相続によって取得した土地は、被相続人の取得日を引き継ぎます。つまり税法上はこの土地を相続の日に取得したものとはされません。また取得価格も引き継ぎます。(限定承認した相続については、相続時にその時の時価で取得したことになります。) このため相続時に取得した土地が表面的には同じ価値のA土地とB土地であっても、その後売却した場合の所得税が異なる場合があります。たとえばA土地は被相続人が昔から持っていた土地であるが、B土地はバブル期に高値で購入した土地の場合、それぞれを売却すればA土地の場合は所得税が生じます。反対にB土地の場合は譲渡損が生じ、給与所得等がある場合は還付が受けれるということもあります。相続ではこのような
ことも考慮して財産分割を考えればいいでしょう。1月1日現在で5年を超えて所有している土地なら長期となり、5年以下なら短期となり、譲渡所得税の税率が長期と短期でまったく異なります。例えば譲渡所得6千万以下なら長期は所得税住民税合わせて26%であり、6千万円超であれば32.5%ですが、短期なら52%(所得によってはそれ以上になる場合がある)にもなります。
ほとんど懲罰的とも言える短期に対する高税率ですが、近年の土地価格の下落を考えれば短期で大きく利益を上げる人がいるのでしょうか。
しかし次のような時には短期の税率となります。
あなたが投資のために中古マンションを3千万円で購入した後、セカンドハウスとして利用し、値上がりも見込めないので3年後に同額の3千万円で売却したとしましょう。

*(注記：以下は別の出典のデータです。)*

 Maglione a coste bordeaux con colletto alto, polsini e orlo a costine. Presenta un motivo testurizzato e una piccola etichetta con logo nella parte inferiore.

一見売却益はない様に見えますが、建物は減価償却費相当額を取得費から減額しますので、売却益が計算されます。
短期に重課をかけるのは土地の異常な値上がりを意識したもので、土地価格がおだやかに推移して行き、上昇する時も下落する時もあることを前提にすれば、5年で区切って5年前と5年彼の税率を大きく変えることの合理性はありません。かえって不動産流通を阻害しているのではないでしょうか。
税制改正が望まれます。なお法人の土地譲渡益に対する追加課税制度は適用されなくなりました。